Correlation view based on gene expression profiling of 530 AML cases. (A) Pearson correlation view of 530 AML cases showing gene expression correlation based on 2847 probe sets. The black bars indicate expression of BCL11B 1: BCL11B expression: 219528_s_at and 2: BCL11B expression: 222895_s_at, where the size of the bars is proportional to the levels of BCL11B expression; 3: selected AML with BCL11B overexpression (>2.5-fold mean). The BCL11B-rearranged cases #2301, #6451, #6366 and #7073 are indicated by arrows. (B) FISH analysis performed on metaphase spreads of AML case #6451 showing disassociation of the probe RP11242A7 (red) and RP11431B1 (green) indicating translocation of BCL11B.

Figure 6.

Western blot analyses for BCL11B primary AML. Immuno-detection of the BCL11B protein in AML cases with elevated levels of BCL11B mRNA (+) and cases with undetectable levels of BCL11B mRNA (−) (upper panel; Jurkat cell lysate as positive control).

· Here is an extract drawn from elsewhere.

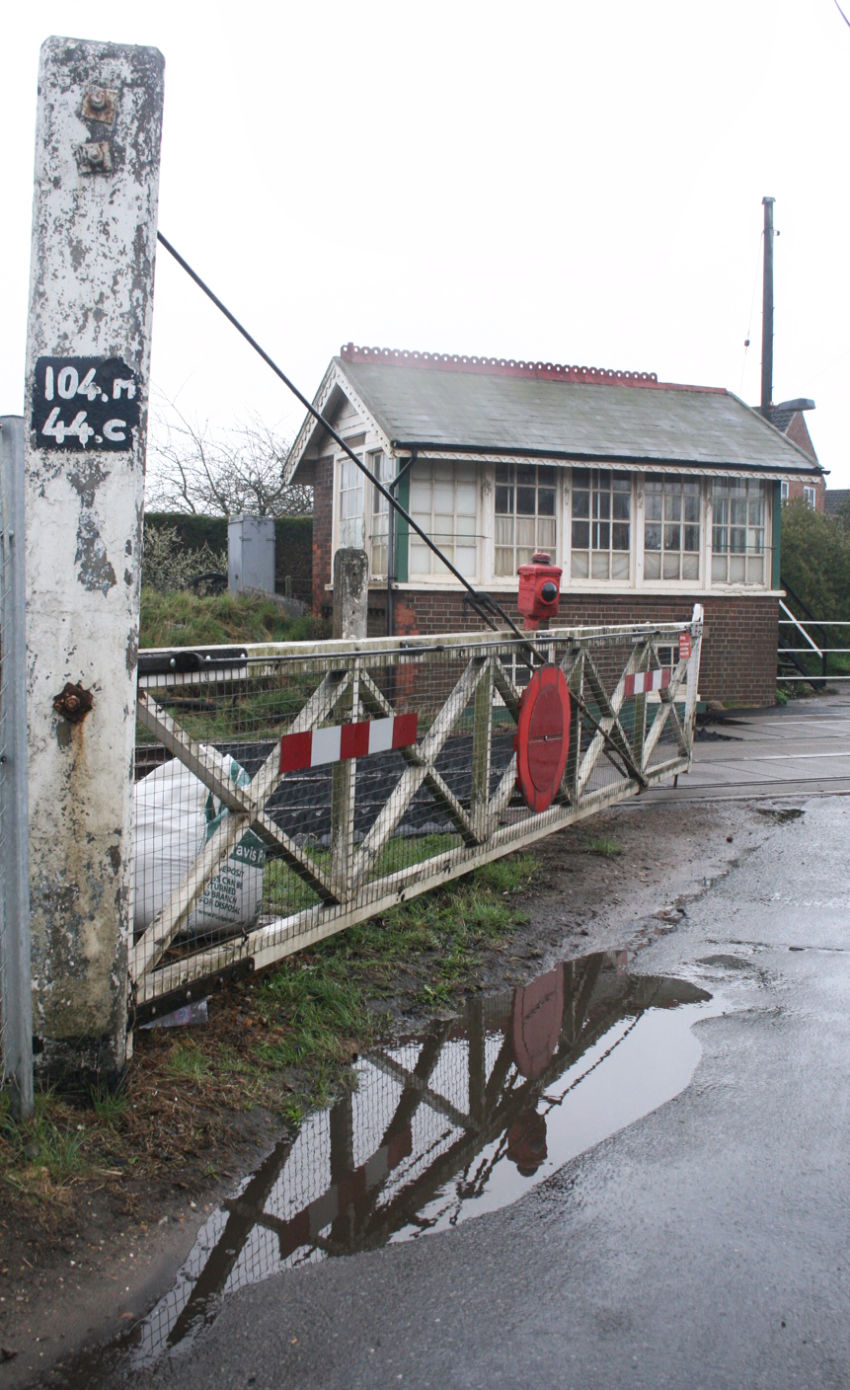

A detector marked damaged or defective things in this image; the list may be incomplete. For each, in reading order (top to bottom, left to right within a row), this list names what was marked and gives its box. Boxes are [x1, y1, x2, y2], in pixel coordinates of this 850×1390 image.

rusty bolt on post [52, 683, 94, 728]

GAPDH was used as the loading control (lower panel).

Figure 7.

Effects of BCL11B overexpression in murine 32D(GCSF-R) cells. (A) Western blot analyses for BCL11B in 32D(GCSFR) cells. 32D(GCSFR) clones overexpressing BCL11B are indicated by #2, #4, and #12 (interleukin 3 for 1 and 10 days). Lysates obtained from these clones were immunostained for BCL11B at day 1 and day 10 [Jurkat cells: positive control; 32D: 32D(GCSF-R) cells]. GAPDH was used as the loading control (lower panel). (B) Growth curve of 32D(GCSFR) cells with (squares, dashed line) and without (round, solid line) BCL11B expression and parental 32D(GCSFR) cells (triangles, dotted line) incubated with interleukin 3. 32D cells were counted every 24 h for 10 days. (C) May-Grünwald-Giemsa-stained cytospins of 32D(GCSF-R) cells with (upper panel) and without (lower panel) BCL11B expression incubated with granulocyte colony-stimulating factor for 7 days. Granulocytic differentiation is monitored by the presence of cells with segmented nuclei.